IMF study says successful nations climb quality ladder in diversifying exports
New year, new knowledge and new awareness, one would hope. While it’s easy to recognise that in terms essentially of human nature and activity there’s nothing new under the sun, as they say, it’s equally easy and important to realise that there are always lessons to be learnt (or probably relearned), and, strangely enough, nothing stays exactly the same.
An example of both, apparently opposite, truths came my way this week upon reading a summary of the IMF’s research published last month on the need for the Gulf states to diversify their economies and earnings. Lessening their dependence on energy receipts thereby remains an achingly familiar line of argument, albeit one recurrently restated and updated.
Naturally, the prompt has been the hefty drop in oil prices, whose implications are obvious enough as far as immediate revenues are concerned, while the medium-term prospect is less clear, and may be much less downbeat for the low-cost producers of the region. That’s particularly so as the world economy is liable to pick up, and impart more demand for crude, precisely as a consequence of the current retreat in fuel, transport and associated costs.

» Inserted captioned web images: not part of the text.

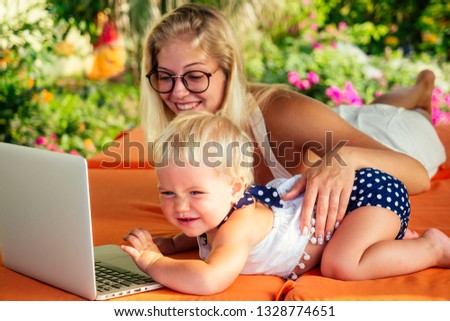 fair-haired one year old female kid looking at a laptop cartoon with mother blonde freelancer surfer on sunbeds resort summer beach.business woman freelancing and daughter relaxing by the sea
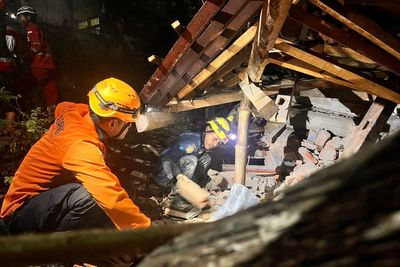 At least two dead and dozens missing after landslides in Indonesia’s Java island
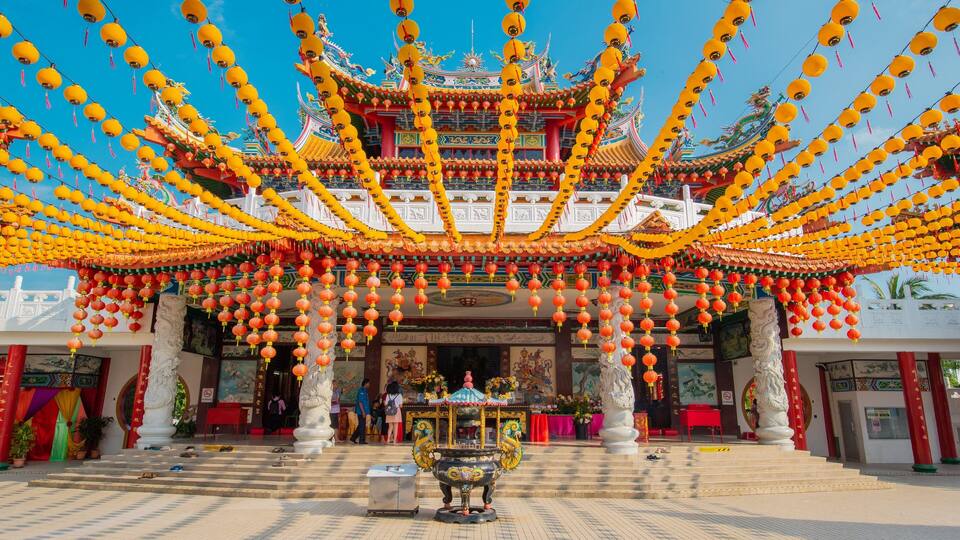 A traditional Chinese temple with ornate architecture, red and yellow lanterns, and a central incense burner.
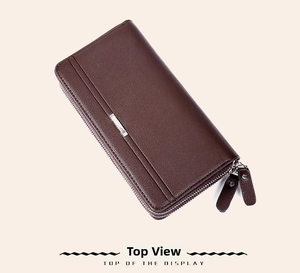 Close-up of brown litchi pattern leather wallet featuring double zippers and metal plaque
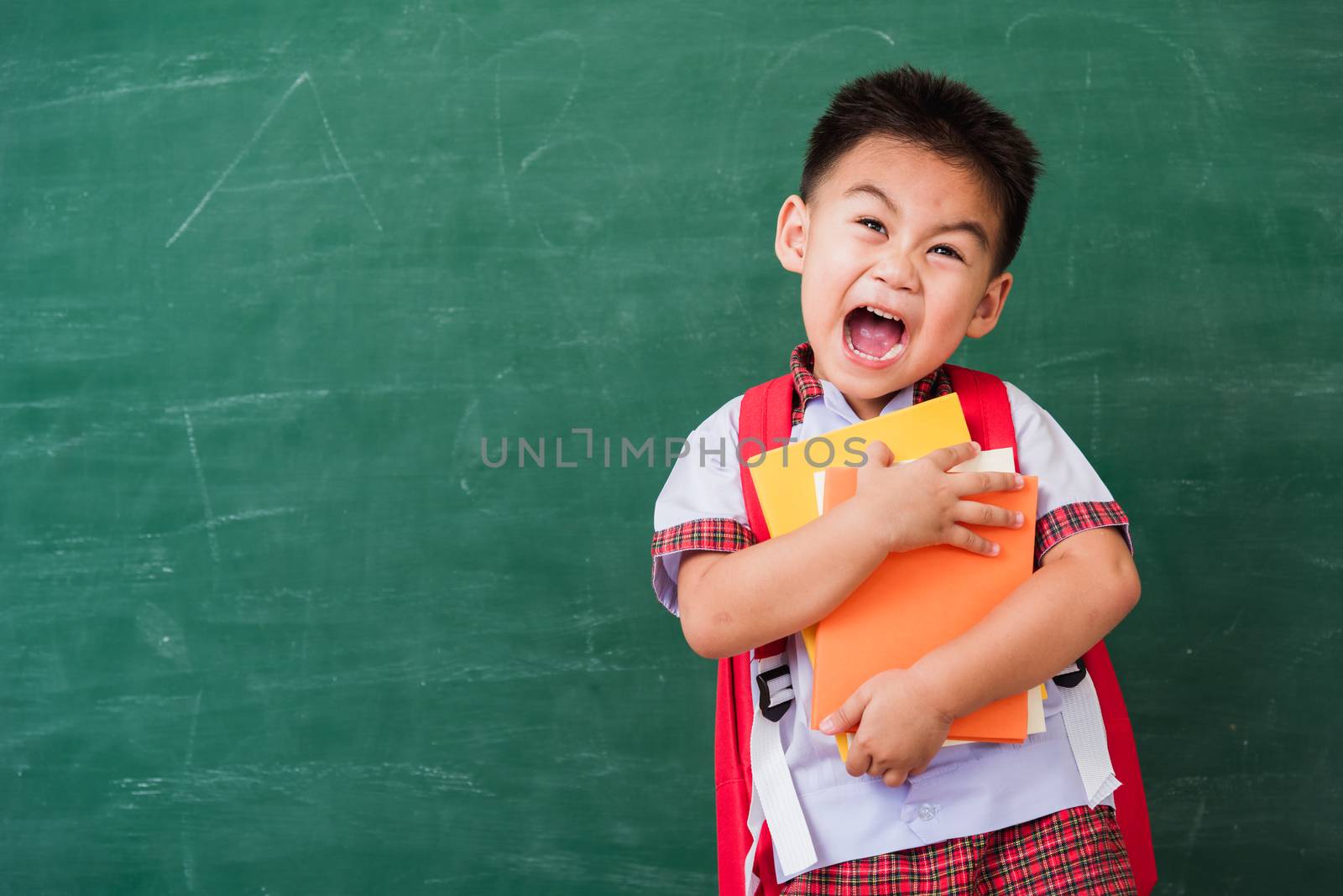 Back to School. Happy Asian funny cute little child boy from kindergarten in student uniform with school bag hold or hug books smile on green school blackboard, First time to school education concept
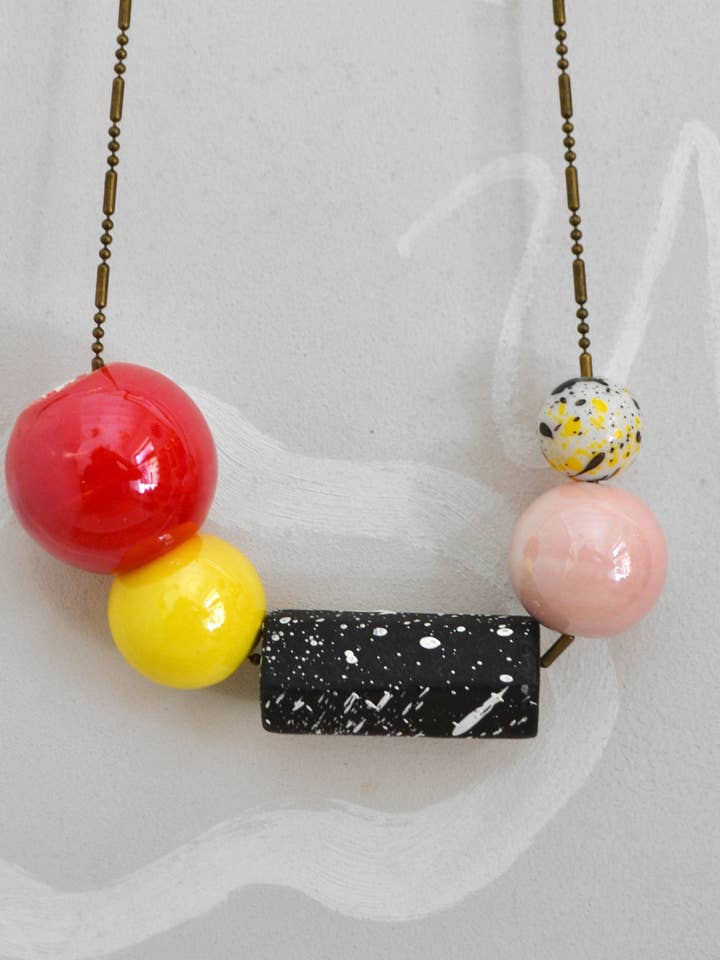 Women's necklace ceramic and wood universe red for wholesale by Rollitoasí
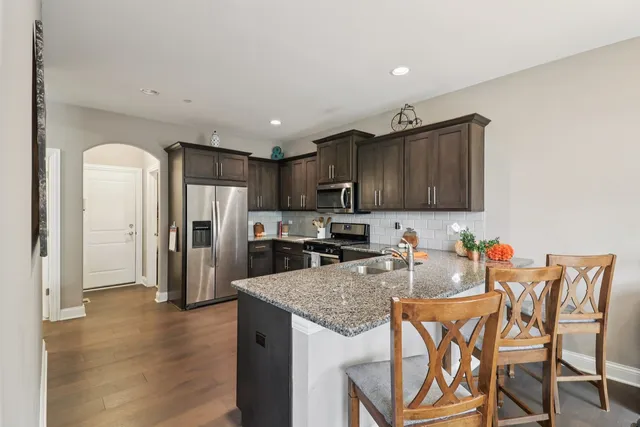 a kitchen with stainless steel appliances granite countertop a refrigerator a stove top oven a sink and dishwasher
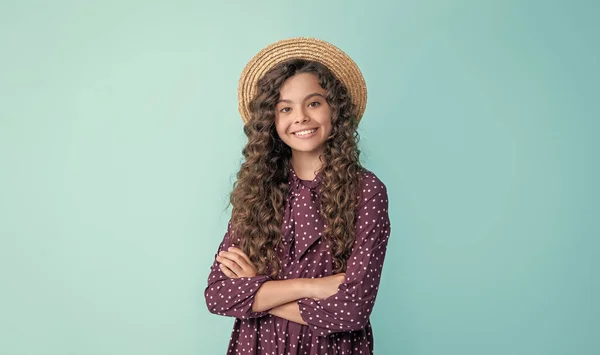 Cheerful Child Straw Hat Long Brunette Curly Hair Blue Background — Foto Stock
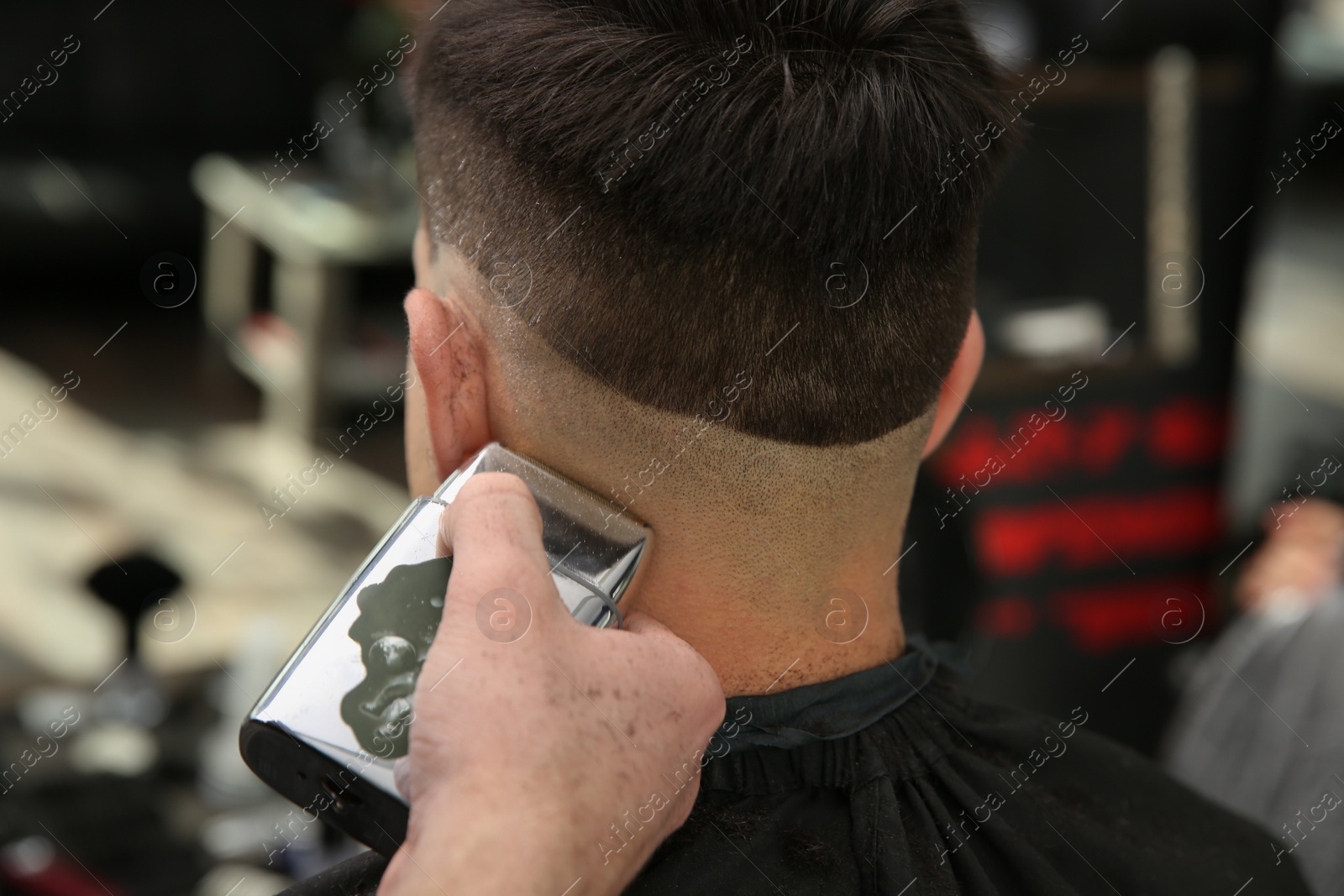 Photo of Professional barber making stylish haircut in salon, closeup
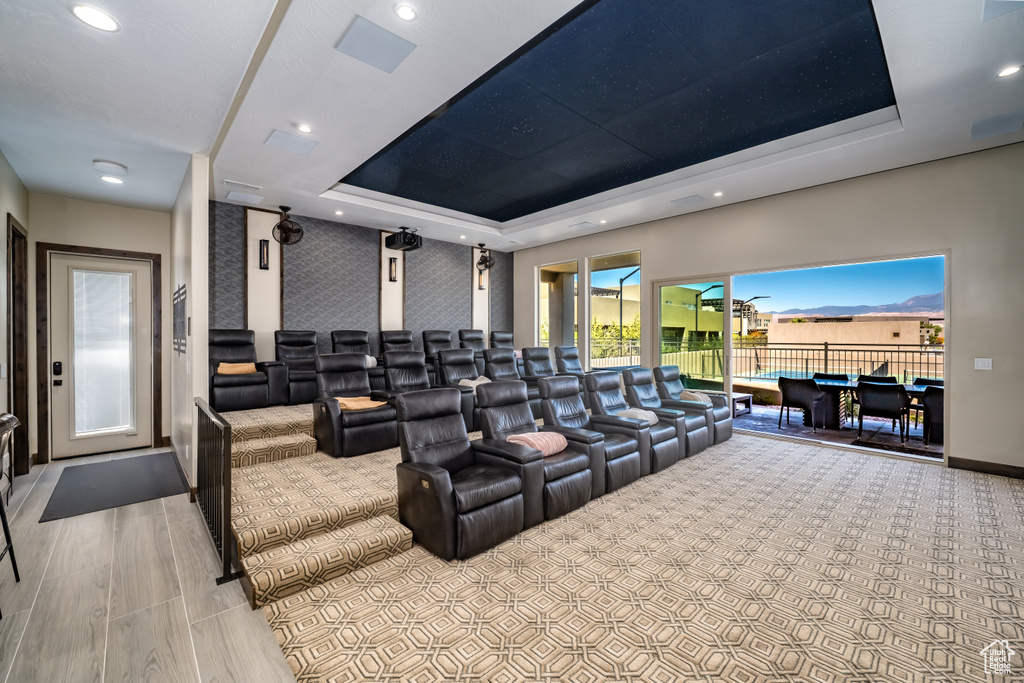 Home theater featuring a tray ceiling, baseboards, and recessed lighting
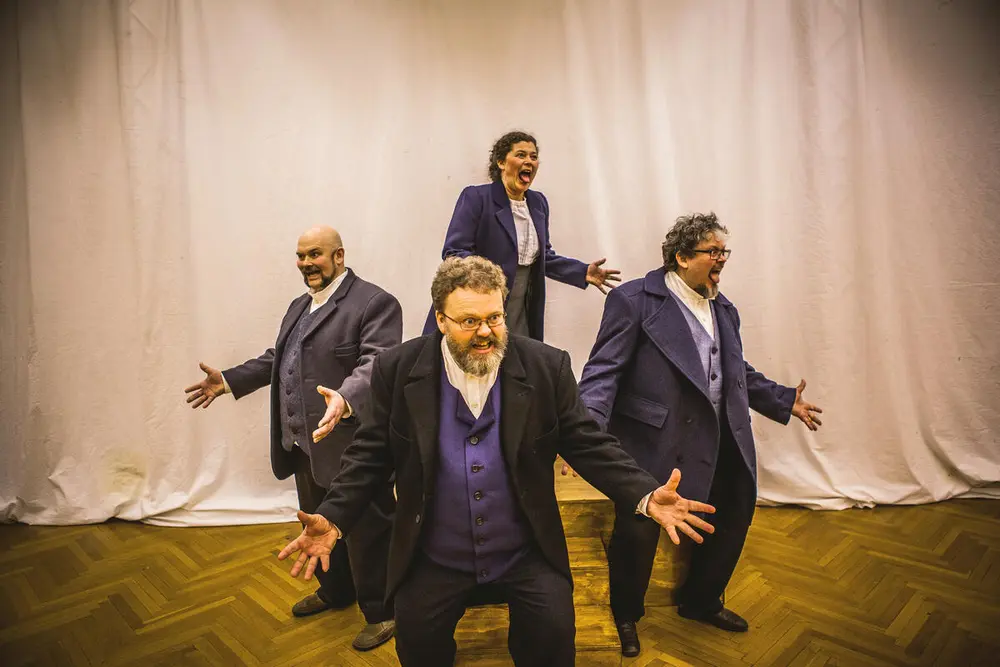 Tre menn og en dame kledd i blå dresser med vester og hvit skjorte. De står i firkantform med spissen ned.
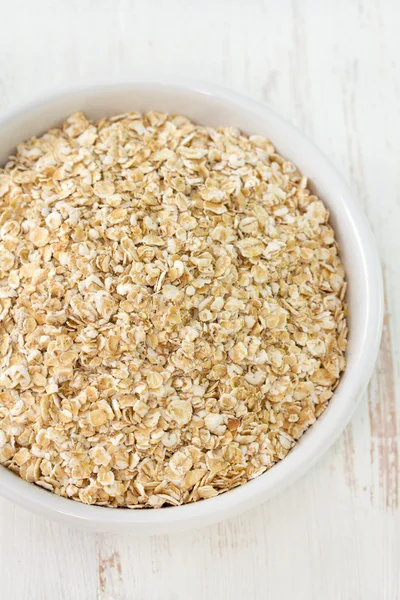Oatmeal in white small bowl Stock Image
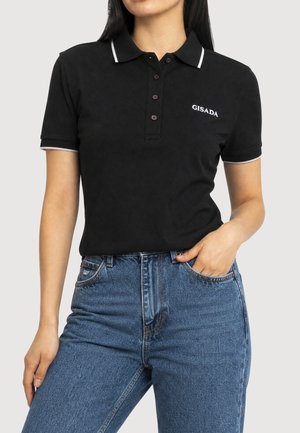 Femme portant un polo noir à manches courtes avec bord blanc et logo "GISADA", associé à un jean bleu taille haute.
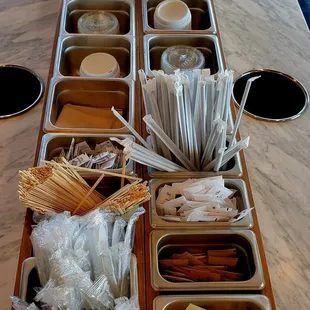 Lots of condiments and tools for your drinks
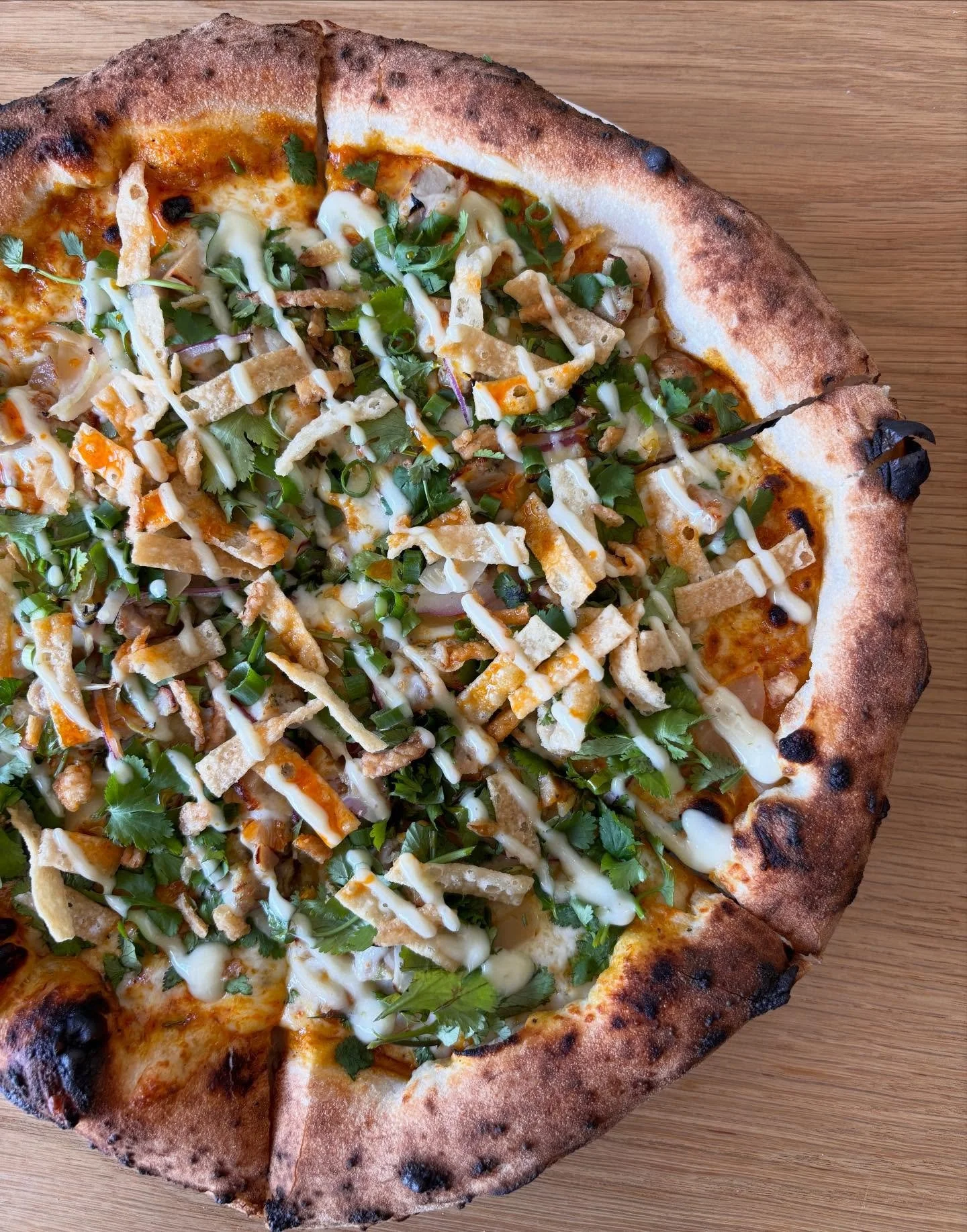 We&rsquo;re ringing in the new year with our most popular Thai curry pizza &mdash; Khao Soi Pizza 🙌🏽

// Thai Khao Soi curry, mozz, pickled mustard greens, red onions, cilantro, green onions, wonton strips, fried onions, chili oil, lime mayo, and y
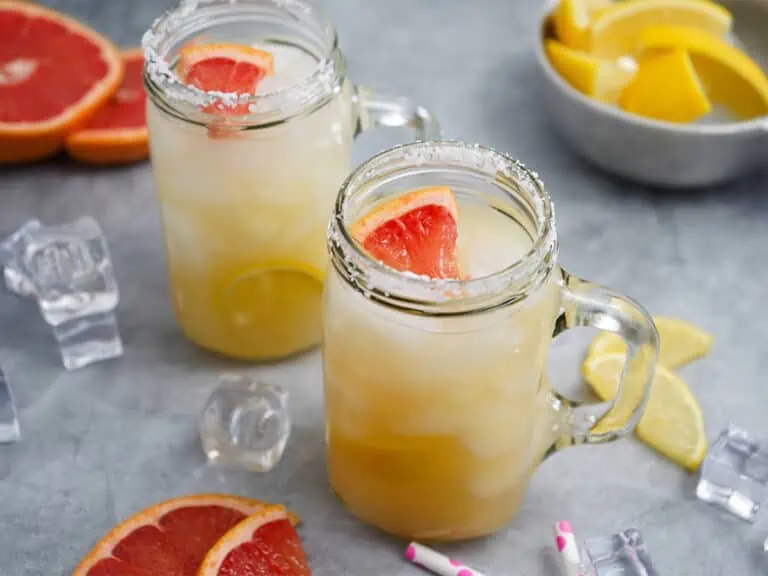 Homemade mezcal paloma cocktails on the table with fresh grapefruit slices and lemon wedges.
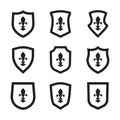 Shields icon set with fleur-de-lis symbol. Heraldic royal design. Vector illustration Royalty Free Stock Photo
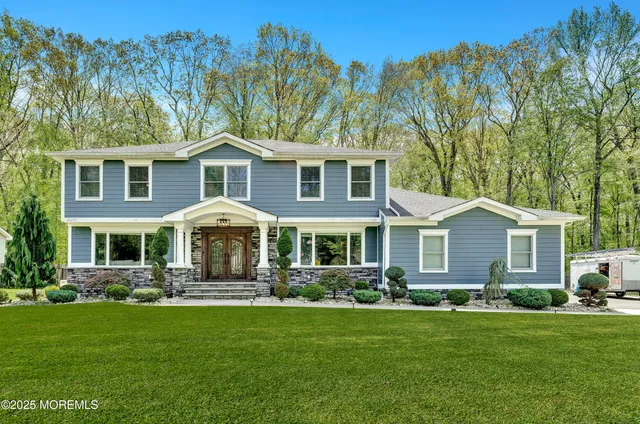 a front view of house with yard and green space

So what was the fresh element in the IMF’s staff paper that caught the eye, at least of this reader?
Frankly, I had not heard before of the concept of ‘export sophistication’, which, needless to say, has actually been around for quite a while, and which offers an insight to the diversification agenda. On the face of it, though, by suggesting that quality rather than merely quantity of output is a decisive characteristic of prolonged economic success, the term seems to offer a welcome peek behind the bald numbers that feature in debate, getting instead into the nuts and bolts of what really works.
“Historical experience offers few examples of countries that have been able to successfully diversify away from oil,” the memo observed, while citing Malaysia, Indonesia and Mexico as perhaps the best examples of so doing.
To succeed, “a number of common themes are evident”, it said, namely (i) that diversification took a long time, and sprang forward only when oil revenues began to dwindle, (ii) incentives were put in place to develop other markets and enhance entrepreneurship, besides supporting labour skills and education, (iii) focus was still placed on a stable economic environment and favourable business climate.
Those countries invested in specially-formed clusters, even without prior competitive advantage, rejecting import substitution in favour of pursuing productivity gains, and developing horizontal and vertical linkages among related sectors. Foreign capital was invited to promote vital technological transfer, and the private sector was encouraged to grow by way of financing and other assistance from development banks, venture capital funds and export promotion agencies,
Despite efforts in these directions, the report says, unfortunately for the GCC there remains the distorting effect of the current distribution of oil revenues, particularly in “using the public sector as the employer of first and last resort”, without emphasising private sector employment, and job search activities alongside an accompanying social safety net.
This latest submission from the IMF’s portals draws on a paper issued in September last year, wherein the authors said their guidance deviates from previously standard policy advice that basically concentrates on liberating and enhancing the supply side of the economy. In particular, targeting the creation of high-value-added industries in manufacturing and innovation entails a certain manner of state intervention, even while seeking the boost of market orientation.
As for the export sophistication criterion, that refers specifically to the need constantly to produce new tradable outputs; otherwise stagnation occurs, as total factor productivity data in the GCC have shown. In this regard, simple output diversification per se and the rate of non-oil growth are misleading indicators of progress. Heavy industrialisation on the basis of comparative advantage in energy inputs, for example, is suboptimal since it is capital-intensive, and doesn’t generate linkages around the economy. Similarly, advancing infrastructure projects doesn’t itself encourage growth of the tradable sector, which is known to lead to healthier, sustainable growth over time.
Export sophistication itself can be measured, being defined as the export-share weighted average of sophistication levels of the country’s export basket. That in turn is gauged by the proxy of the weighted average of real GDP per capita of all countries exporting the same product.
And the time frame for countries embarking on this exercise? The report’s authors say “it would take twenty to thirty years to achieve high export sophistication”, a project quite separate from the reforms to taxes and subsidies that would create the budgetary room with which to underwrite the endeavour.
That leads to the thought, as the map-reading joke has it about finding directions: you wouldn’t start from here and now. You would start from many years ago, which is why the knowledge-based economy efforts already seen have not been a moment too soon.